Defendant emphasizes that jury selection had not begun when he asked for counsel, and the prosecutor had not articulated any particular prejudice, such as “witness production” problems, and therefore the trial court abused its discretion.

In this case, the trial court made a thorough record of defendant’s clever, sustained stalling process for three years in this, his single-count drug possession for sale case, by repeatedly bringing Marsden motions and repeatedly retaining counsel after being appointed counsel, causing the case to be delayed repeatedly for no objectively supportable reasons, as each of nine attorneys assumed and then relinquished the case. Eventually, over a month before trial began, defendant exercised his Faretta rights, and there is no contention on appeal that he was misadvised about the dangers of self-representation, after all, this was his third criminal case in which he represented himself. Yet, virtually all of defendant’s stated reasons for terminating his self-representation related to factors he had been warned about when he made his Faretta motion, such as his lack of trial skills and claimed inability to prepare for trial. His reverse-Faretta motion followed closely on the trial court’s denial of his motion for a continuance, further supporting the trial court’s view that it was another effort to delay justice.

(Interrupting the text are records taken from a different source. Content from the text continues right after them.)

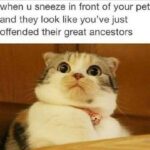 Funny Cat Memes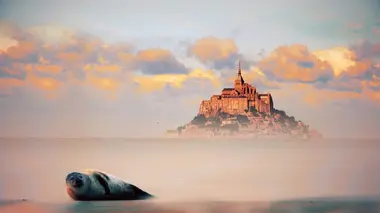 Mont-Saint-Michel, la baie des merveilles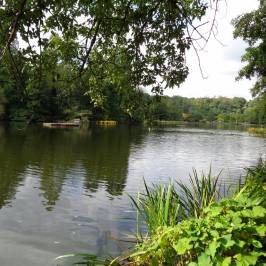 Deutsch-Franzoesischer Garten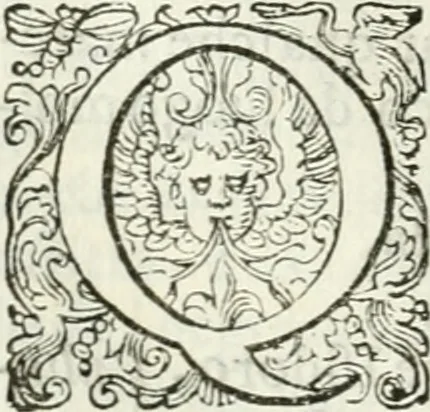 An illustration from Delle imprese, trattato, 1592, leaf 475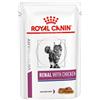 Veterinary health nutrition wet cat renal chicken 12x85 g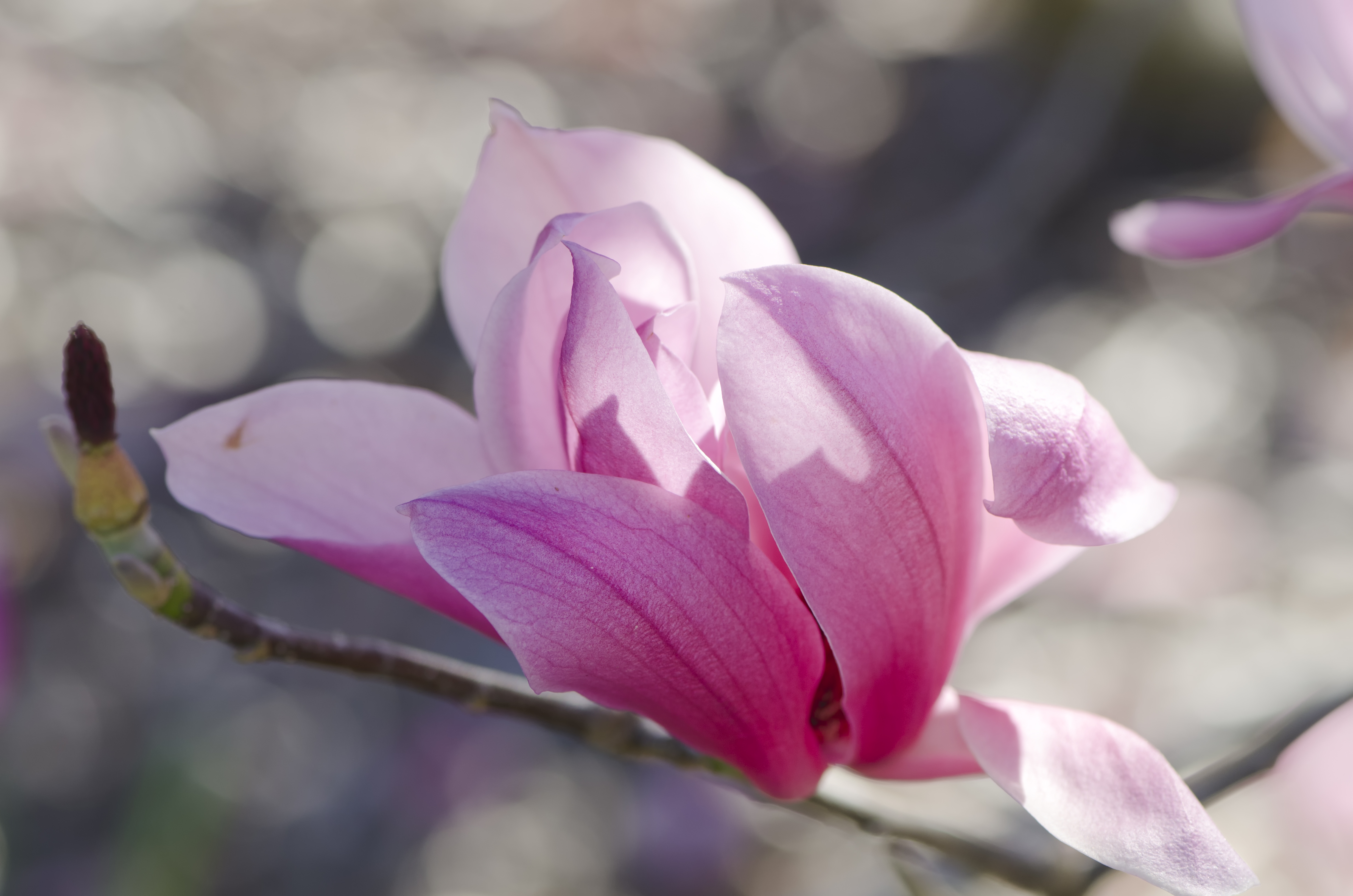 Magnolia Galaxy 80-100 cm.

Further, the trial court ascertained that Mr. Lippsmeyer, the attorney most knowledgeable about the case, and the one suggested by defendant, was not available, because he was in the middle of a serious felony trial in another courtroom. In his reply brief defendant states “[t]he court made no inquiry about whether Mr. Lippsmeyer would need a continuance. There is no record that Mr. Lippsmeyer was contacted about whether he would need any continuance.” Even if Mr. Lippsmeyer was not personally asked if he would need a continuance, the fact that he was in the middle of a serious felony trial showed that he was not able to begin defendant’s trial without a continuance.

On this record, the trial court’s explicit finding that defendant was trying to delay justice in this case is well-supported.

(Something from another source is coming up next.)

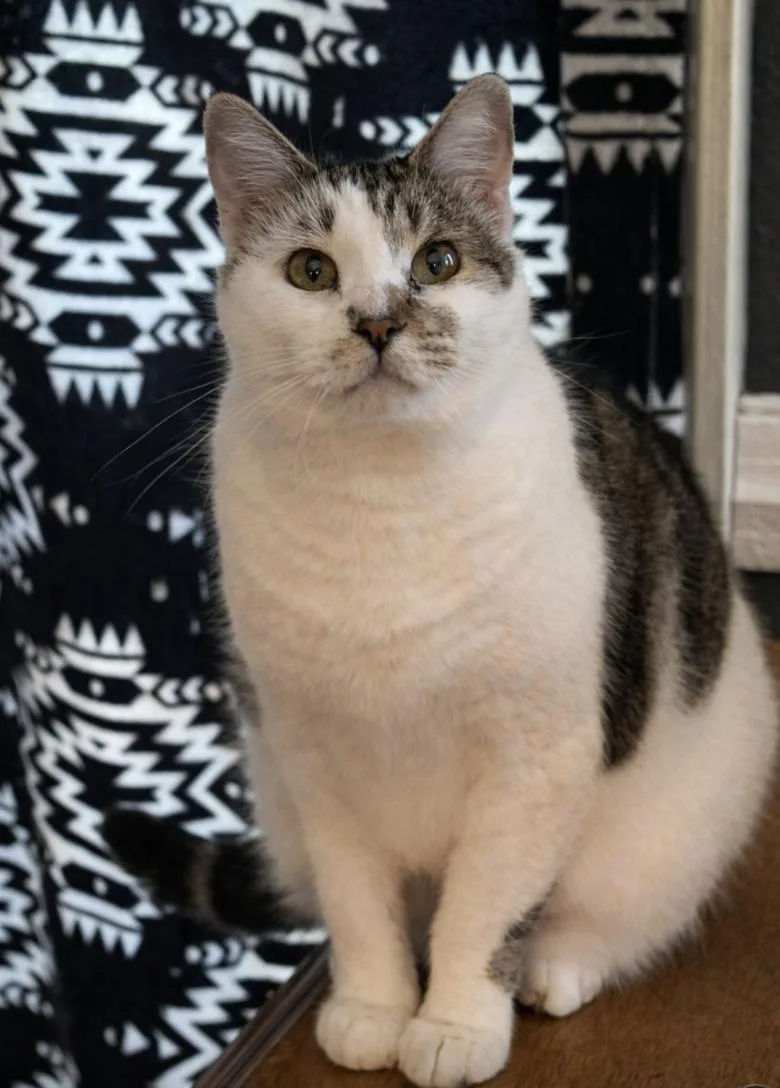 Princess  Sweet Mama thumbnail 2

That jury selection had not yet begun does not mean, as defendant suggests, that this case is not subject to the Lawrence factors because it was not a “midtrial” motion. It is true that in a jury trial, the trial is deemed to begin for some purposes when the jury or prospective jury is sworn. (See Rhinehart v. Municipal Court (1984) 35 Cal.3d 772, 780 [for statutory speedy trial purposes, trial begins when the trial court has “committed its resources to the trial, and the parties must be ready to proceed and a panel of prospective jurors must be summoned and sworn”]; 1 Witkin & Epstein, Cal. Criminal Law (3d ed. 2000) Defenses, § 117, p. 462 [attachment of jeopardy begins when jury is selected and sworn].) But those rules do not change the common understanding of the commencement of trial, for purposes of scheduling by trial court judges and attorneys. Indeed, a case cited by defendant on another ground refers to a point in that case where “[t]rial proceedings had already commenced although a jury had not yet been selected.” (People v. Hill (1983) 148 Cal.App.3d 744, 759 (Hill).) In this case, the trial was scheduled to begin on March 3, over a month after defendant’s Faretta motion had been granted, the People were ready for trial and presumably had their witnesses ready, and the jury commissioner evidently had summoned prospective jurors. Although the stage of the proceeding is relevant, we see no reason not to apply the Lawrence factors, whether or not the reverse-Faretta motion is deemed a “midtrial” motion or a “day of trial” motion or an “eve of trial” motion. However characterized, the motion was untimely and was brought for the purpose of delay. (Cf. People v. Fulton (1979) 92 Cal.App.3d 972, 976 [trial court has discretion to deny “eve of trial” Faretta motion]; People v. Morgan (1980) 101 Cal.App.3d 523, 531 [Faretta motion “was clearly not timely, since it was being made at a time when the jury was to be selected”].)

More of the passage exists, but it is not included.